Condominium ownership is different from traditional non-condominium ownership in that your ownership is a share of the whole project. This means that if the project requires upgrades it is the responsibility of all owners to pay for those upgrades. If the financial management of the corporation has not been diligent in planning for upgrades or maintenance, the result is usually a special assessment, or “cash call”, which is a bill due and payable by the individual owners. Special assessments can be a few hundred dollars or run in the tens of thousands of dollars per unit and can not be avoided as an owner, but can often be avoided through competent examination of the condominium documents before the purchase.
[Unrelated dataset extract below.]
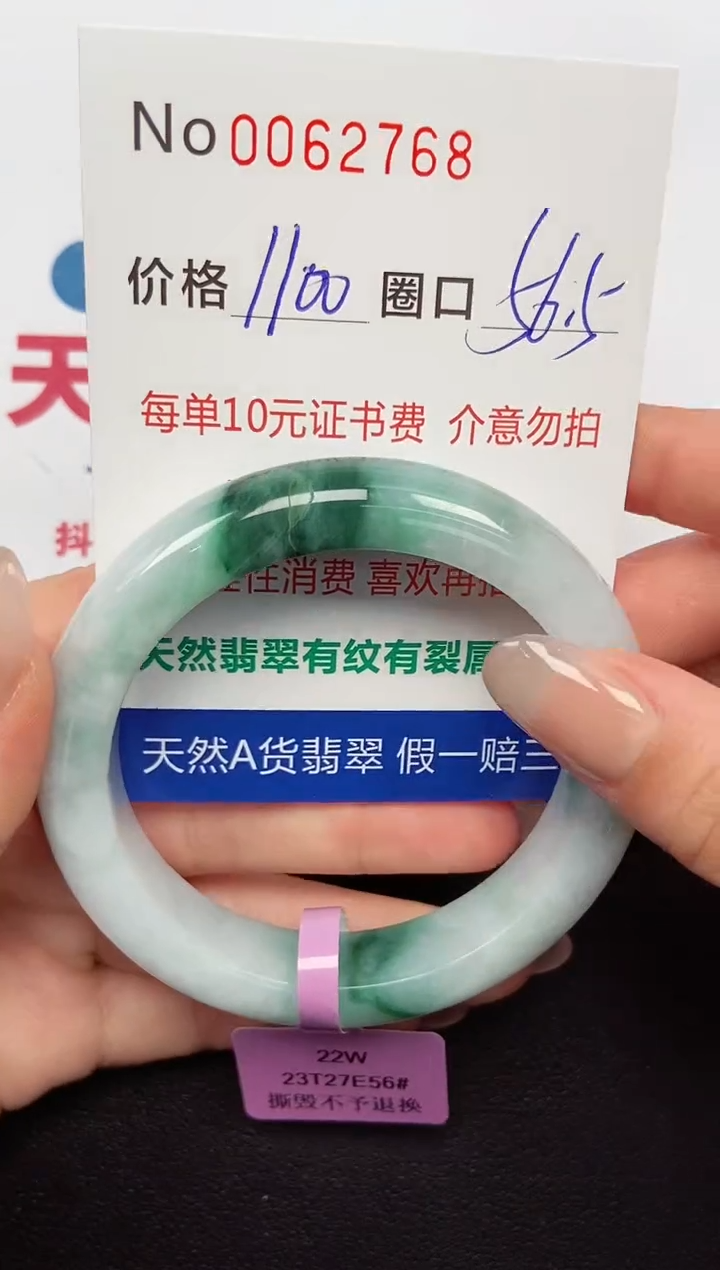 【闪购商品】翡翠手镯未镶嵌 00627 68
Other things that can be caught at the time of purchasing through the document review are pet restrictions, parking issues, age restrictions, restrictions on commercial activities (like short-term rentals like AirBnB) and financial health of the corporation all of which may be concerns the purchaser should know about before they own the property.
Condo Fee confusion
Condo fees in their most pure form are simply the amount of money required to run the corporation, maintain the total project in good repair, and save a portion for future repairs and replacements. Oftentimes, buyers look for the property with the lowest fee, however, if that low fee is not covering the expenses and required savings for future repair and replacement, then a special assessment is inevitable. Good financial stewardship is vitally important to the health of a condominium corporation, and the condo documents can help determine if the condo has been well run and the condo fees are representative of the current and future needs of the complex for the benefit of all owners, present, and future.
[Used courtesy of the Real Estate Association of Alberta, retrieved 2021-11-29]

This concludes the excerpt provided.